▶ **Directions**
Among the entries that follow, the required portion opens with the line containing "76 LE HAVRE. Pêcheuse de Crevettes 1917" and closes with the line containing "2 camere de vanzare in imobil tip vila!". Give that portion again exactly, and nothing else.

*** Data supplied ***

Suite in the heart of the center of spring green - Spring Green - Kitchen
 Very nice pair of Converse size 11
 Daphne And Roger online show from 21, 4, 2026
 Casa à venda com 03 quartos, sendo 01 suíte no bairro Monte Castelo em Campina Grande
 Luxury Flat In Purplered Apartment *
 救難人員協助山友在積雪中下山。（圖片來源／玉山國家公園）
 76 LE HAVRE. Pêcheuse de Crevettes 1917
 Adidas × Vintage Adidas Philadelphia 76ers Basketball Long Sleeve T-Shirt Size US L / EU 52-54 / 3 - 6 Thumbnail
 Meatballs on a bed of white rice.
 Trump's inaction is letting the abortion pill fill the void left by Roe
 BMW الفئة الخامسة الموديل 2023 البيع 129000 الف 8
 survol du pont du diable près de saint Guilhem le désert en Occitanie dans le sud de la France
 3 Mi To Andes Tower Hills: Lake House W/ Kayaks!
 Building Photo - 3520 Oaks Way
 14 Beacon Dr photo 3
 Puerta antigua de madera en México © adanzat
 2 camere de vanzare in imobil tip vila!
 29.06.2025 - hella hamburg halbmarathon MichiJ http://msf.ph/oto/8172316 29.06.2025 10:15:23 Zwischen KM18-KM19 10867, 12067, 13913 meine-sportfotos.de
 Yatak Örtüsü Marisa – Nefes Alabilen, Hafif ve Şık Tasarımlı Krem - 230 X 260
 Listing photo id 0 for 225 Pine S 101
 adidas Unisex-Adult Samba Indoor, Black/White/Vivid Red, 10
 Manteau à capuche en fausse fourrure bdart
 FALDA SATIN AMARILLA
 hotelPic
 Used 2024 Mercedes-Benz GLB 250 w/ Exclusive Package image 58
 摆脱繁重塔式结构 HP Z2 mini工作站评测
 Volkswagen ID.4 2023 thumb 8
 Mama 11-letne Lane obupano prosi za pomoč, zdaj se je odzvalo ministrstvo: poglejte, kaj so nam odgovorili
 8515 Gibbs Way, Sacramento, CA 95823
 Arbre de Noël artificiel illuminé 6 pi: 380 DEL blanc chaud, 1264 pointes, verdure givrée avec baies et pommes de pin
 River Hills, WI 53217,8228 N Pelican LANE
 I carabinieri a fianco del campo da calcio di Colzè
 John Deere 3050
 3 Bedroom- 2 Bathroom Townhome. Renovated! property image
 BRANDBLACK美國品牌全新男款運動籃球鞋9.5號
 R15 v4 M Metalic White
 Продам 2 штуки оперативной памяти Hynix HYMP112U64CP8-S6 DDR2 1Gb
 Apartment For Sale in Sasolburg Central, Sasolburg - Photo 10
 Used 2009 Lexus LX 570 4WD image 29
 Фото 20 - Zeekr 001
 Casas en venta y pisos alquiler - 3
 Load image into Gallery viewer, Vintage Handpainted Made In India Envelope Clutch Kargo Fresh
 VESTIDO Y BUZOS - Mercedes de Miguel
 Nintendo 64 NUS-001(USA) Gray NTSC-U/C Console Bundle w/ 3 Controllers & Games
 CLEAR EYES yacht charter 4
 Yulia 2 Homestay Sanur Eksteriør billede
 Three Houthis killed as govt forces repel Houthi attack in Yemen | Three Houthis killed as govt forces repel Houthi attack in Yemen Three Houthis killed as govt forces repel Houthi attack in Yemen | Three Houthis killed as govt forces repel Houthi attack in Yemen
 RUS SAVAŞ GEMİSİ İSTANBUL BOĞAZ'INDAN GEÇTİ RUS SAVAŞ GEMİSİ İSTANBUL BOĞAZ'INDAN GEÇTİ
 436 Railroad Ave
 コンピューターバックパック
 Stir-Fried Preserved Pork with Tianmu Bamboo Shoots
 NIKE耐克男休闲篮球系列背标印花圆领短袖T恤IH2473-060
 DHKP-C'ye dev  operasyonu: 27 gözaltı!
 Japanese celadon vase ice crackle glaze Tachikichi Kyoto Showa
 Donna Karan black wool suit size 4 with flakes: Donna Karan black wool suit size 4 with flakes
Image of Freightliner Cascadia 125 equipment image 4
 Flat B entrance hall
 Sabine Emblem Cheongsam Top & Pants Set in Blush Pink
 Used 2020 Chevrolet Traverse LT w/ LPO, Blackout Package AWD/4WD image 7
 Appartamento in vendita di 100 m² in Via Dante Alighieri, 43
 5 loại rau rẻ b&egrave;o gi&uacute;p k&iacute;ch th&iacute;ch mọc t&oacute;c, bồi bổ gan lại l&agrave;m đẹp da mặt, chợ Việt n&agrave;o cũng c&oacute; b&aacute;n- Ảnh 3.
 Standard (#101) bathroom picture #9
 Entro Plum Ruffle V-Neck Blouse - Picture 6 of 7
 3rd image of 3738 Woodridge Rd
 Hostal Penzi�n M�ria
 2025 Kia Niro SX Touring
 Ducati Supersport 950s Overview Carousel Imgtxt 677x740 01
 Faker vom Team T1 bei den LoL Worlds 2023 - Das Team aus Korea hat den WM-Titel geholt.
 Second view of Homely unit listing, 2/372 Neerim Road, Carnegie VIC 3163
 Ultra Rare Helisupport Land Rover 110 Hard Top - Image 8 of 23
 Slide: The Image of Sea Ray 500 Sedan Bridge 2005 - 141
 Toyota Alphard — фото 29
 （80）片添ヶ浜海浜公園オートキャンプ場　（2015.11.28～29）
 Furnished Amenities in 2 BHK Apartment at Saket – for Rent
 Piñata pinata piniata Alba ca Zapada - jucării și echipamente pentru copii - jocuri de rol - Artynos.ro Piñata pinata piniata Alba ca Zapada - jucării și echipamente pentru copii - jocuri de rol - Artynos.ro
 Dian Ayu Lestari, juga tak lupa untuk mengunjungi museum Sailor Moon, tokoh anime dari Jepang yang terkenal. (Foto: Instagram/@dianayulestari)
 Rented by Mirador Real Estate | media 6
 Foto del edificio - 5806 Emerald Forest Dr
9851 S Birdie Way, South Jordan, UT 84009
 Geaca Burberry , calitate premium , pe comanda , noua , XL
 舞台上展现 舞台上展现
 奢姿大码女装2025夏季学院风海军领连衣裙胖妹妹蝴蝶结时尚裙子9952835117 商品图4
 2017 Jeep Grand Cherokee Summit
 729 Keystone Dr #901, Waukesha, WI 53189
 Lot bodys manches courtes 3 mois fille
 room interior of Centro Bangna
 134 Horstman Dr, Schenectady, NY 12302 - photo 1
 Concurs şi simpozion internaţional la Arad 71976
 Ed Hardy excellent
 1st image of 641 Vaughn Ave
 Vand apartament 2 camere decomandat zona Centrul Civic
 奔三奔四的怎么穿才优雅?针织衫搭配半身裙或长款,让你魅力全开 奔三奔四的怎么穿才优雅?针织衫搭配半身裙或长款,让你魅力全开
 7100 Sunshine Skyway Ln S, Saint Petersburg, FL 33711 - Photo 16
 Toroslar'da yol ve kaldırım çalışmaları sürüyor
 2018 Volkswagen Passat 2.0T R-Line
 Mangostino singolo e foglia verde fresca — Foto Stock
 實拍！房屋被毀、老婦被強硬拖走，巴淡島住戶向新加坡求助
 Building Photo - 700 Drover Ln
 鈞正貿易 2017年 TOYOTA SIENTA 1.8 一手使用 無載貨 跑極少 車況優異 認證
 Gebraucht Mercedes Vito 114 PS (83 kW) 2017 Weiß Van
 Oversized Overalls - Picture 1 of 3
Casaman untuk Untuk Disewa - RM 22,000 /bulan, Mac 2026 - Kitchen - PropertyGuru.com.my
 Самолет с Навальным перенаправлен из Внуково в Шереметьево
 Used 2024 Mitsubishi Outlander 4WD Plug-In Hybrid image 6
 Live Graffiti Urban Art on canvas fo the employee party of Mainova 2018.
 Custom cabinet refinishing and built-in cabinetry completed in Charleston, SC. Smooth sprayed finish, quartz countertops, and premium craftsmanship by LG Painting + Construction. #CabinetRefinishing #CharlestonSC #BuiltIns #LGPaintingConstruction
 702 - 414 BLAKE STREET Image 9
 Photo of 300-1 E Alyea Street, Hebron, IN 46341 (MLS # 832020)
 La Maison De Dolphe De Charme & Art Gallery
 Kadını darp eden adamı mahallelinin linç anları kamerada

*** End of Data supplied ***

▶ **Task answer**
 76 LE HAVRE. Pêcheuse de Crevettes 1917
 Adidas × Vintage Adidas Philadelphia 76ers Basketball Long Sleeve T-Shirt Size US L / EU 52-54 / 3 - 6 Thumbnail
 Meatballs on a bed of white rice.
 Trump's inaction is letting the abortion pill fill the void left by Roe
 BMW الفئة الخامسة الموديل 2023 البيع 129000 الف 8
 survol du pont du diable près de saint Guilhem le désert en Occitanie dans le sud de la France
 3 Mi To Andes Tower Hills: Lake House W/ Kayaks!
 Building Photo - 3520 Oaks Way
 14 Beacon Dr photo 3
 Puerta antigua de madera en México © adanzat
 2 camere de vanzare in imobil tip vila!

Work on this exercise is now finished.